Harvard scholar and Iranian affairs expert, Majid Rafizadeh, said: “Once again this shows the regime’s employment of brutal tactics and its disregard for human rights. Whenever the theocratic establishment is under significant pressure domestically, politically, and economically, it resorts to hard power and excessive methods of suppression to control the population and ensure its survival.
“As the regime sensed that the political establishment was in danger due to the protests, it ratcheted up its human rights violations.
“As the regime struggles to curb the protests and growing unrest linked to the disintegrating economy, the world must act to put a stop to the Iranian regime’s human rights abuses.”
Rafizadeh added: “The foundations of the current regime’s power structure, with Supreme Leader (Ayatollah) Ali Khamenei as its head, were built on the 1988 massacre (the state-sponsored execution of political prisoners in Iran).
“The world must know that the authorities now in charge of Iran showed their true allegiance and unwavering fealty to the fundamentalist regime and its goals by having no qualms about ordering and implementing human rights violations and political crimes.”

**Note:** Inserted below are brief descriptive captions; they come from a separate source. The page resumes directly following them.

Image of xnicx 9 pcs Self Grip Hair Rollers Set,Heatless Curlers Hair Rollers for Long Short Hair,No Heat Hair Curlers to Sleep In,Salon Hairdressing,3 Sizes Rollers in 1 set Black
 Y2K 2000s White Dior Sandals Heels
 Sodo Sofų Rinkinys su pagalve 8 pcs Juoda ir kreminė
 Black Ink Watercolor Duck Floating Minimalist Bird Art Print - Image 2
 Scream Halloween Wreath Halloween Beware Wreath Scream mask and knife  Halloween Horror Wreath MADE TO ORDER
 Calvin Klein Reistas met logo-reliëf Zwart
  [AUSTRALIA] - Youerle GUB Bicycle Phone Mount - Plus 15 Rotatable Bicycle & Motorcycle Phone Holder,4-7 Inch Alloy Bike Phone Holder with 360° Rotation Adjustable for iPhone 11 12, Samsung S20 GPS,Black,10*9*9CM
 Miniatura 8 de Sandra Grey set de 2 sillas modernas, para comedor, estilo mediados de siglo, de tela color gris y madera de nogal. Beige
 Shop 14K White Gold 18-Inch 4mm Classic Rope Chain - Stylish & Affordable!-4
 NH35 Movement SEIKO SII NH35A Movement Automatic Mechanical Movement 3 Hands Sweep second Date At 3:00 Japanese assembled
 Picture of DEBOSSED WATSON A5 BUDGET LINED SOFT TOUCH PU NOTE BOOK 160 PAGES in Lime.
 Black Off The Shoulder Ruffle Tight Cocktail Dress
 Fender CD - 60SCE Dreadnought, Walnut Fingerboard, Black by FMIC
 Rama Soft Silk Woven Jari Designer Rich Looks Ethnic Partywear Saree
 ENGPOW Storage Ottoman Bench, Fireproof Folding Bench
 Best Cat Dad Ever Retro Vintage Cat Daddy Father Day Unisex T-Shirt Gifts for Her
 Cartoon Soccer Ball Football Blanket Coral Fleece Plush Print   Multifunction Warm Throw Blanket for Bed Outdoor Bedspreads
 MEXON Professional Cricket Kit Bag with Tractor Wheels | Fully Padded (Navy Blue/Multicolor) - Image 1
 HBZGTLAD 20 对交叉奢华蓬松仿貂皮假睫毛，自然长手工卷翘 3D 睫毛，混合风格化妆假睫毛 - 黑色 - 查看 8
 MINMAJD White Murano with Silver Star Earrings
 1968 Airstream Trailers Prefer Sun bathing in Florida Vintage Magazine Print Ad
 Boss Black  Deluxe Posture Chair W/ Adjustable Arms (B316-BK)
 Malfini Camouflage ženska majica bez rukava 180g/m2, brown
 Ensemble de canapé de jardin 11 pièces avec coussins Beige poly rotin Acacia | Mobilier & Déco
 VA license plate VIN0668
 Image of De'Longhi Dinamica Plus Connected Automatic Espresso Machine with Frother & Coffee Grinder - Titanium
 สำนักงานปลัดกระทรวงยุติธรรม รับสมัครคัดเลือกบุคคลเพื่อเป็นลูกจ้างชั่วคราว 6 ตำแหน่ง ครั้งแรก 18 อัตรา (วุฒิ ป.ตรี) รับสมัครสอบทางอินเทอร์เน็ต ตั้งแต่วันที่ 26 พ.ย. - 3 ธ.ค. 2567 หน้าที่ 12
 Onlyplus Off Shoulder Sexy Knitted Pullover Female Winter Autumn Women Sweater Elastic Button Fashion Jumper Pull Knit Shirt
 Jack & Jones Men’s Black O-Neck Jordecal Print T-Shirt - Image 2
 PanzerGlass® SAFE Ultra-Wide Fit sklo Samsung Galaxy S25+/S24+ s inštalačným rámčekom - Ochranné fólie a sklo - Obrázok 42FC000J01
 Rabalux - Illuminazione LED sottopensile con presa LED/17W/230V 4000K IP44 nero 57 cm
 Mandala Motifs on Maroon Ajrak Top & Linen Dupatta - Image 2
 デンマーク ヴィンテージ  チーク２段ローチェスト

Meanwhile, the coronavirus has infected more than 10,000 health care workers in hard-hit Iran, news outlets reported Thursday.
Iran on Thursday put the total number of dead from the virus at 7,249, or 66 more than Wednesday.
Health Ministry spokesman Kianoush Jahanpour said there were more than 129,000 confirmed cases of the virus, including 2,392 more than Wednesday.
Iran has the most virus-related casualties in the region.